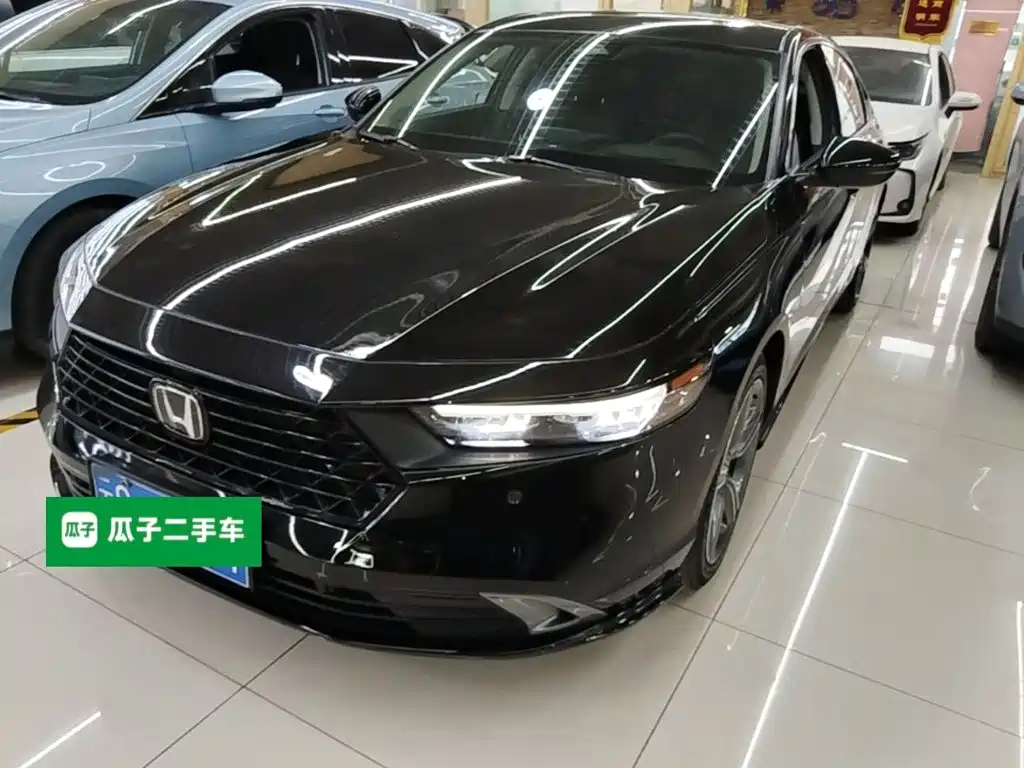 Honda Accord — фото 2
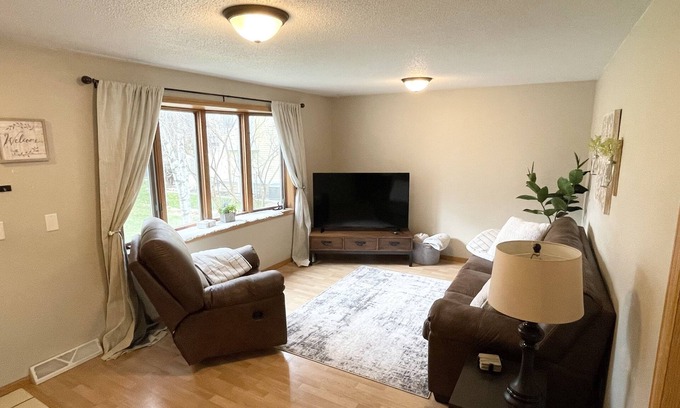Kutzky Park Casa | Your Stay Steps Away - 719.5 Mayo Discount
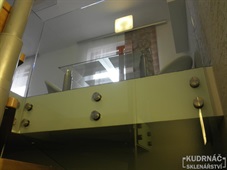 Prosklené zábradlí - rodinný dům 3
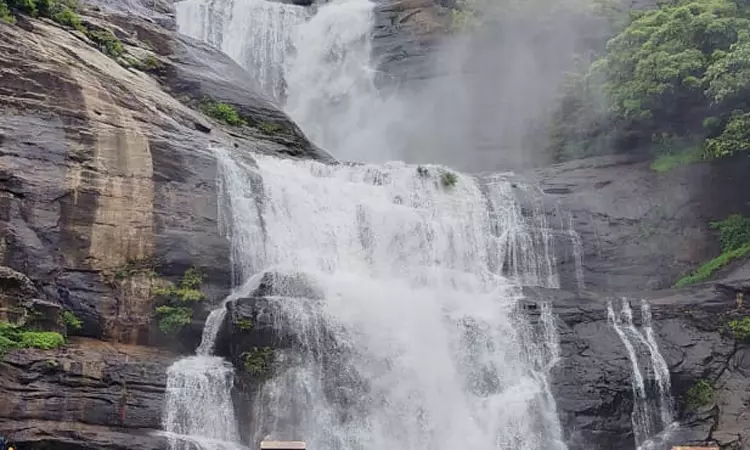குற்றாலம் அருவிகளில் குளிக்க தடை  கனமழை எச்சரிக்கை... ... இன்றைய முக்கிய செய்திகள்.. சில வரிகளில்.. 15-06-2025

+ + +

TASK DIRECTIONS: Only the pictures may be dropped when you copy the data above; everything else stays exact.

RESPONSE TO THIS TASK:
 Honda Accord — фото 2
Kutzky Park Casa | Your Stay Steps Away - 719.5 Mayo Discount
 Prosklené zábradlí - rodinný dům 3
குற்றாலம் அருவிகளில் குளிக்க தடை  கனமழை எச்சரிக்கை... ... இன்றைய முக்கிய செய்திகள்.. சில வரிகளில்.. 15-06-2025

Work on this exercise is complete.